Day 6: ‘Manifesto’ Demands 13 Different Characters from Cate Blanchett

Sundance.org is dispatching its writers to daily screenings and events to capture the 10 days of festivities during the Sundance Film Festival in Park City, Utah. Check back each morning for roundups from the previous day’s events.

Manifesto

by Eric Hynes

In her latest film, Cate Blanchett plays a choreographer. And also a puppeteer. And also a schoolteacher, a scientist, a newscaster, a punk rocker, a day trader — and shall we go on? Julian Rosefeldt’s Manifesto demands 13 different parts from virtuoso Blanchett, who takes on different accents, costumes, and makeup for each. It’s a remarkable feat of acting, but equally remarkable is the text that she’s serving. Each of the 13 characters represents and recites a distinct and canny collage of 20th-century art manifestos, from pop art to Fluxus, Dadaism to film, and each episode is set against a unique and provocative Berlin environment. After appearing as an art installation, most recently at the Armory in New York City, Rosefeldt refashioned the project as a feature film, which debuted at the Festival on Monday afternoon at the Library Theatre.
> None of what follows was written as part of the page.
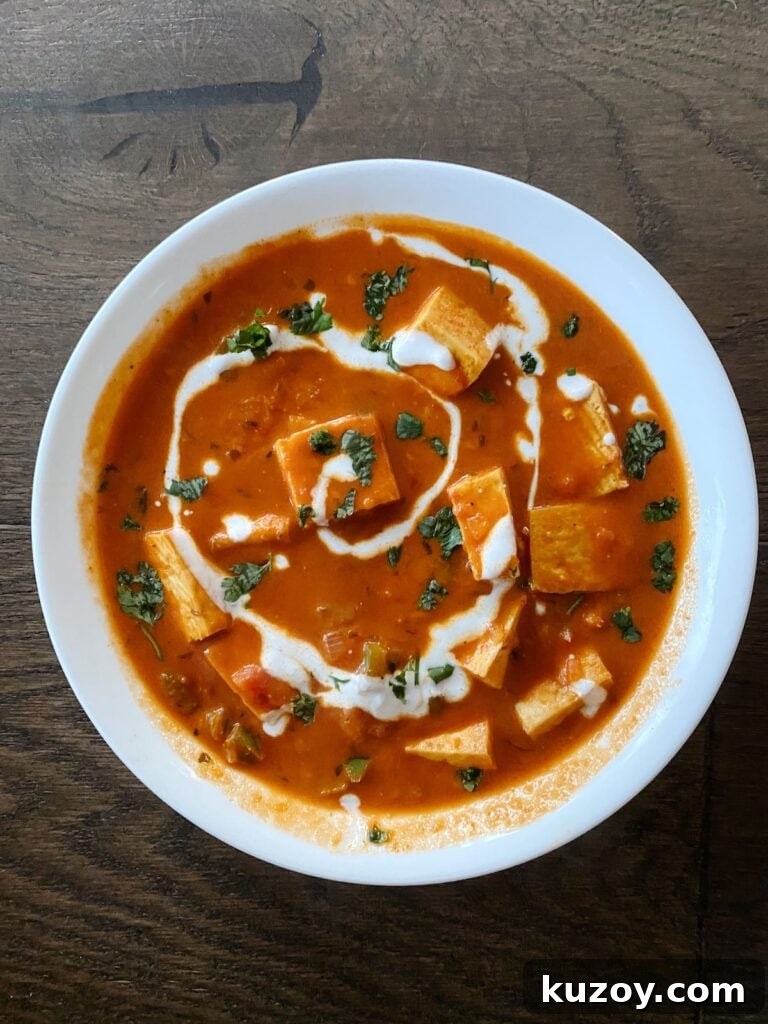 Paneer Makhani with Coconut Milk: Creamy Indian Curry Recipe 3 paneer makhani in a bowl on a hardwood floor backdrop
“I didn’t cast Cate Blanchett for this project,” Rosefeldt said during the post-screening Q&A. “We ran into each other six years ago at an art opening of my work, and we started to talk. She said, ‘Why don’t we do something together?’ You can imagine my reaction. It took me another two and a half years until we finally started to talk about Manifesto. The only thing I told Cate is that she would do many characters. We bargained — she said, ‘Can we do six or seven?’ And I said, ‘Can you do twenty?’ We ended up with thirteen. We had two weeks to shoot this — it was a fantastic trip. And now I believe she could do Mike Tyson.”

Rosefeldt spoke of the verve and passion of the manifestos chosen for the script and offered up an interesting context for texts from artists and thinkers such as John Reed, Dziga Vertov, Paul Eluard, André Breton, and Lars von Trier. “I’m an artist myself, and I know that what we say, we don’t always mean it that seriously,” he said. “Keep in mind that these texts were written when the artists had hardly left their parents’ house — they were 21, 22. And at that time of your life you’re very insecure. You’re trying to tell yourself who you are and what you stand for. And because you’re insecure you shout very loudly, and with all this anger. You pretend to have a lot of security but you actually don’t.”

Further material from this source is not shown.